WEM's comments on the PRG report is based on opinion and taking the report out of context. The PRG report indicates that the issues the PRG had with SoCalGas were resolved to the PRG's satisfaction before it agreed to allow the utility to go ahead with its compliance filing in an advice letter. If the PRG had outstanding issues with SoCalGas, it had the option of refusing to allow SoCalGas to go forward with the advice letter filing.

Ordering Paragraph 9 in Decision 05-01-055 provides that if the utility and the PRG reach consensus, the IOU may file an advice letter. Additionally, Rule 4.2 of D.05-01-032 states that, "a protest may not be made where it would require relitigating a prior order of the Commission." The Commission determined that advice letter filings were appropriate for the utilities' compliance filings. Therefore, Staff rejects this protested issue on the basis that it is made on improper grounds that would require relitigating a prior order of the Commission.
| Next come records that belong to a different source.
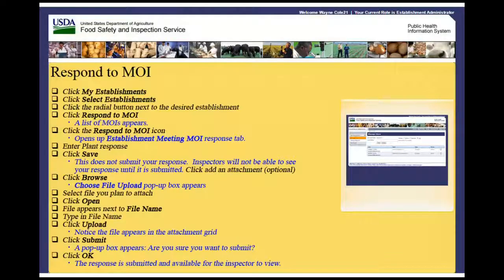Welcome to the Public Health Information System. In this demonstration, you will learn how to respond to a Memorandum of Interview, or MOI. I'll guide you through the steps of accomplishing this task.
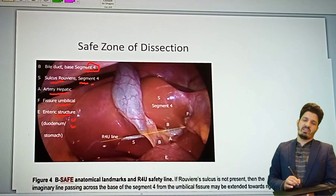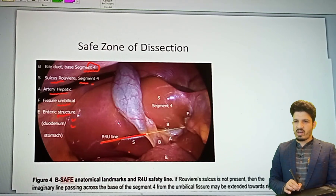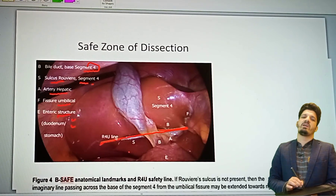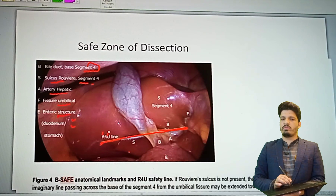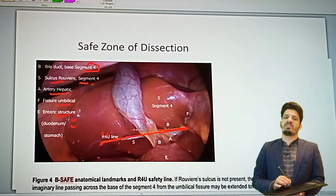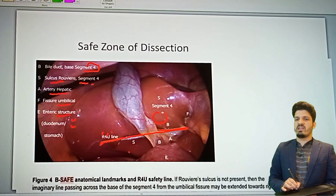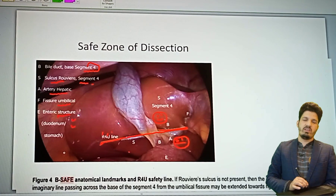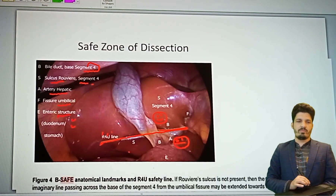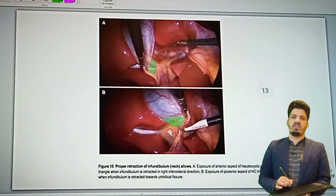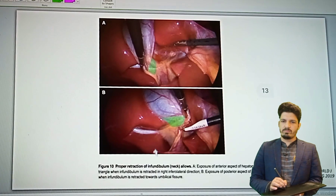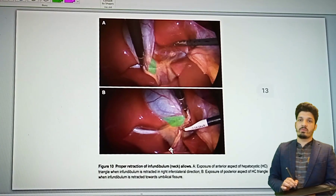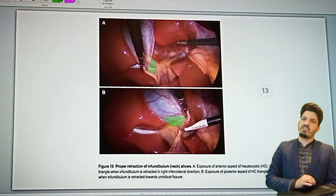We will use the R4U line — an imaginary line where R is Rouviere's sulcus, 4 means the base of segment four of the liver, and U is the umbilical fissure. Any dissection above this imaginary line will be safe; any dissection below this line will be unsafe. Be conscious, be gentle, and dissect above this line to remain safe. Proper retraction of the infundibulum inferolaterally and the gallbladder fundus toward the right shoulder will expose the critical view of safety beautifully.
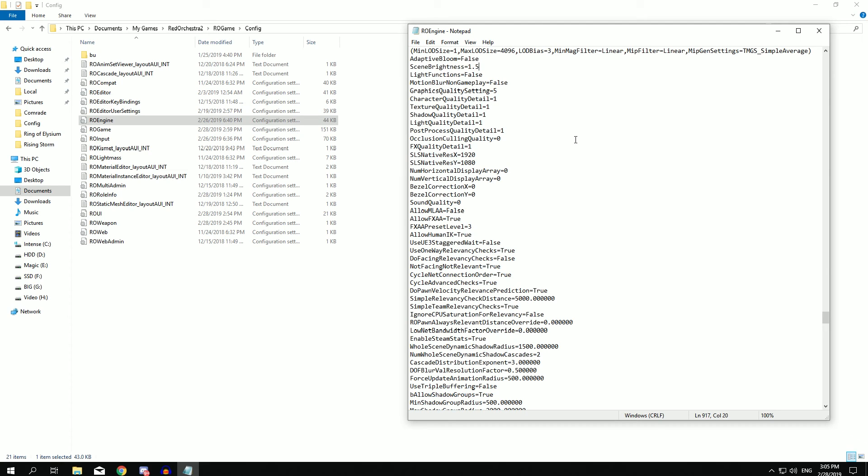So yeah, those are the settings that I use. I hope you guys like them or use them, see how they work out for you, and whatever you need to change just change. So yeah, thank you for watching the video and I will see you on the next one. Have a great day, bye bye.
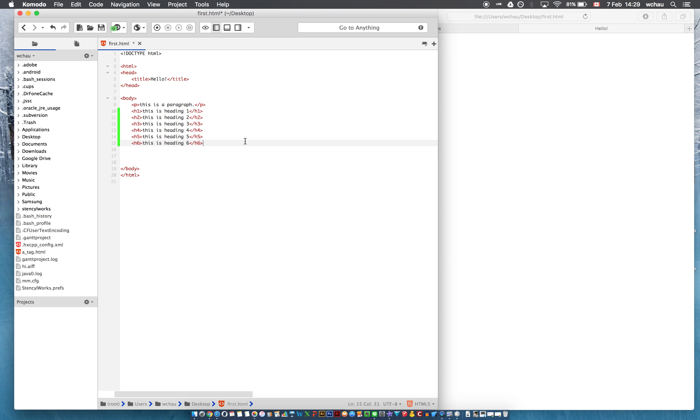so there are slight differences in these headings and once I save this file and refresh the browser you can see these differences.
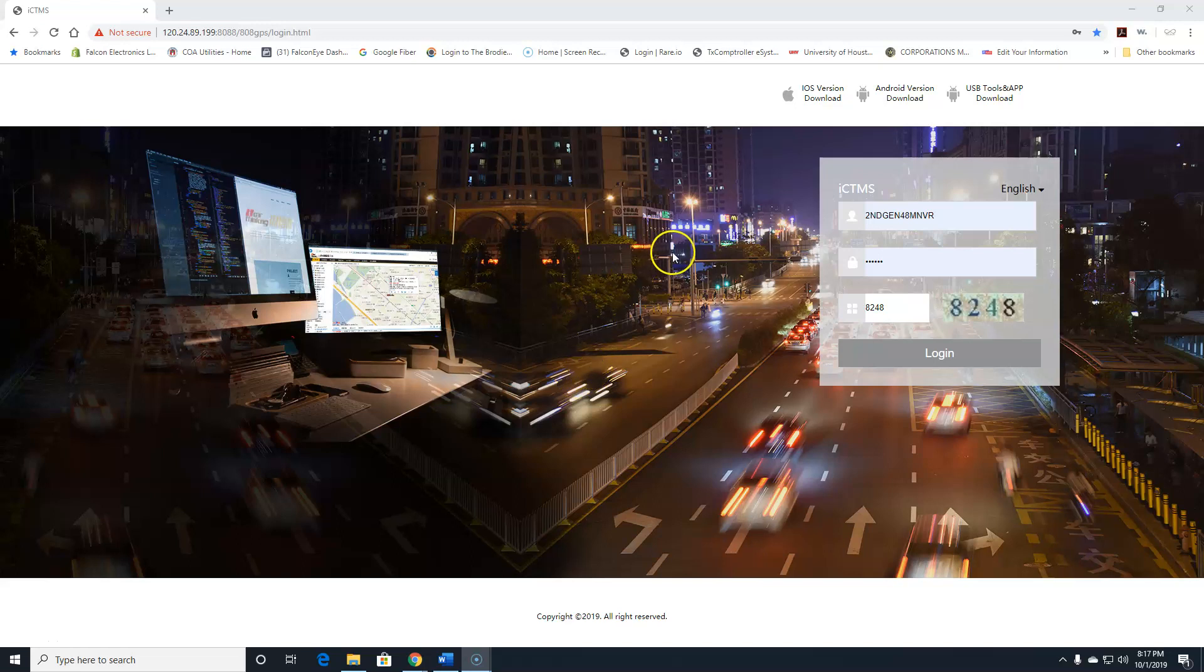Hello fellow drivers. I want to quickly show you how to view your cameras using the IP server.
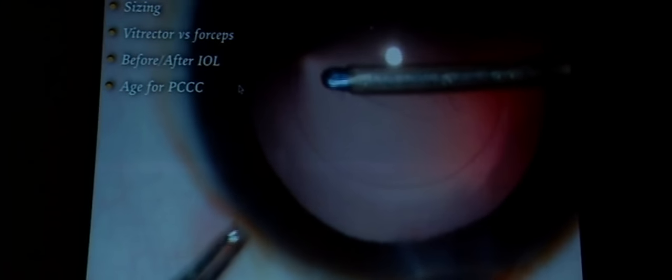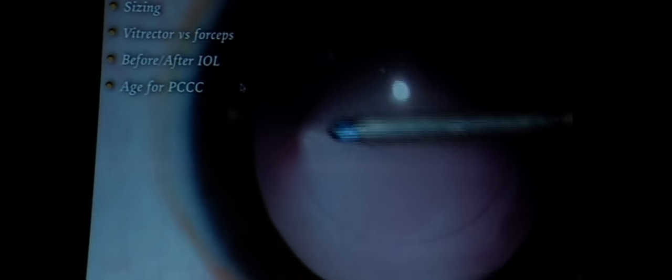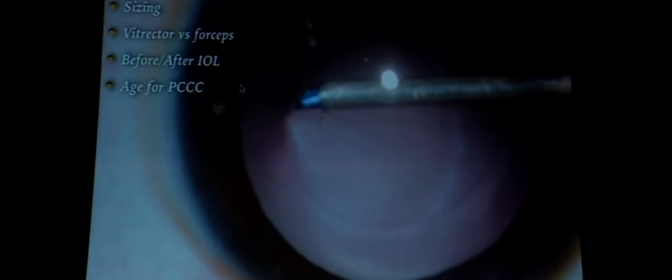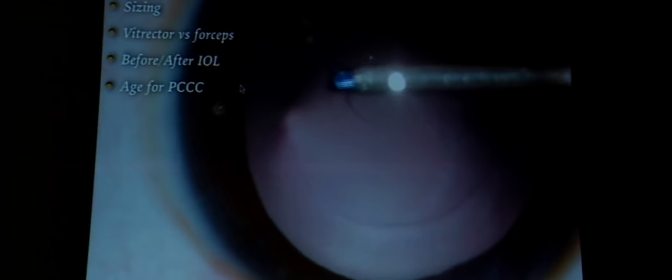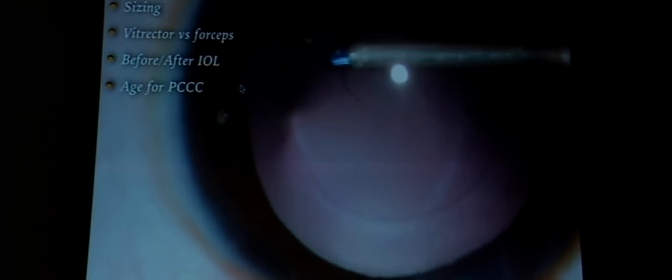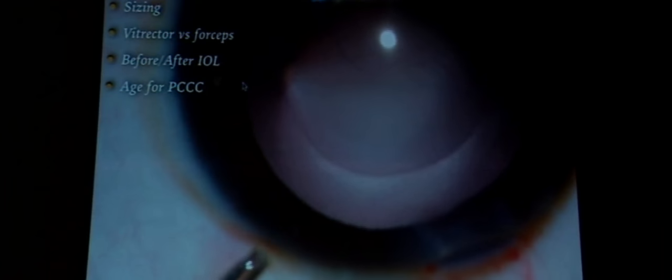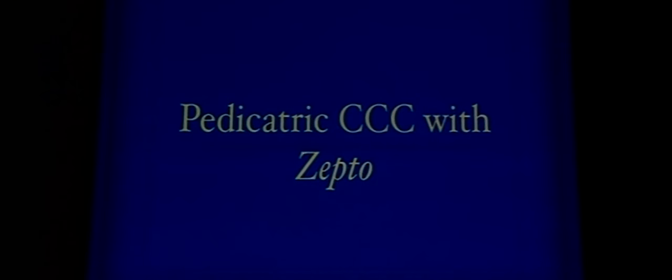Some surgeons prefer to do the posterior capsulotomy after placing the lens, going around the IOL, or even via a pars plana approach to make the opening — all are acceptable as long as an intact posterior capsulotomy is achieved. Lately, I have been using the Zepto device to make capsulotomies and have found it very useful because it gives a perfectly round rhexis of appropriate size, which can be difficult to achieve in a pediatric eye.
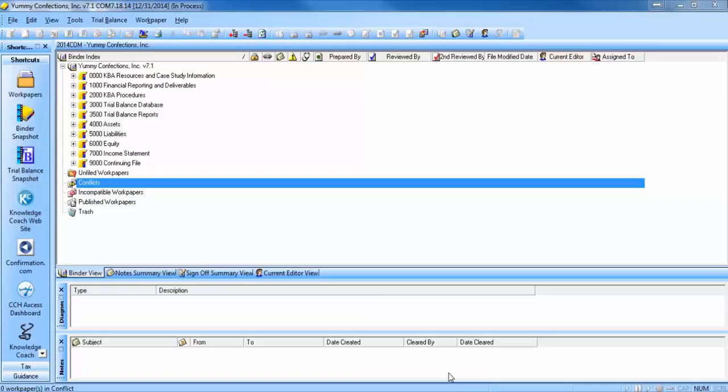Welcome to the ProSystemFX Engagement 7.2 and Knowledge Coach 2.2 release preview. In this release, we've added a new Knowledge Coach Diagnostic Summary.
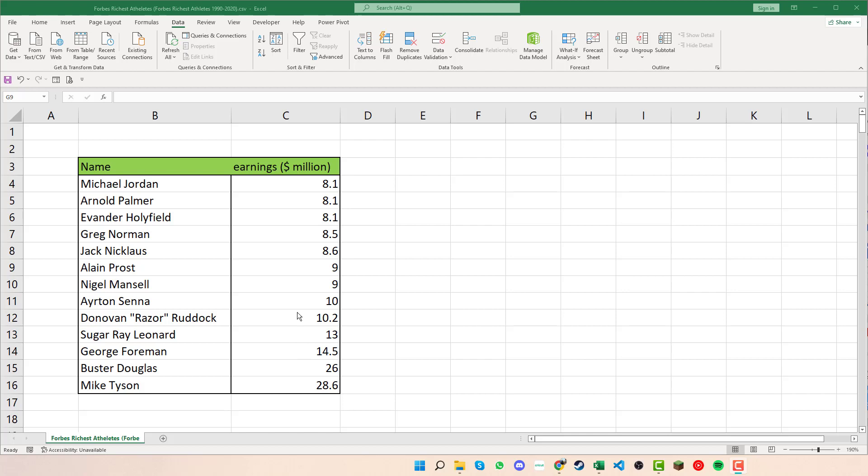One thing we need to look at with the data is that we don't have any gaps within it. Also we want to make sure the top parts here for the titles are distinguishable from the rest of the data, as this can cause issues when filtering.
Staff agrees with SCG regarding the nature of local government partnerships planning and implementation, and that many of the local governments identify energy efficiency opportunities throughout the communities during the program implementation cycle. Staff further finds that WEM makes general and inaccurate comments regarding the accuracy of the program assumptions and forecasts presented in SoCalGas' Advice Letter filing. Energy Division's consultant TecMarket Works (TMW) conducted high-level review and analysis of SoCalGas' filing. In addition, Staff sent a data request to SoCalGas for clarification on the cost-effectiveness calculation. Staff is cognizant of data quality control concerns. It was recently raised in the E3 Avoided Cost 2006 Update Workshop held on March 14 and 15, 2006. The consensus of the workshop was to suggest that detailed measure data verification is best done at the evaluation, measurement and verification phase.

Lastly, the Commission defined Staff's role as the PRG chair in D.05-01-055. The Commission also defined Staff's role as "Reviewing Industry Division" for advice letter filings in D.05-01-032. The Commission determined that advice letter filings were appropriate for the utilities' compliance filings. Therefore, Staff rejects WEM's protest that Energy Division, as members of the PRGs, should be disqualified from passing final judgment on the utilities' filings on the basis that it is made on improper grounds that would require relitigating prior orders of the Commission.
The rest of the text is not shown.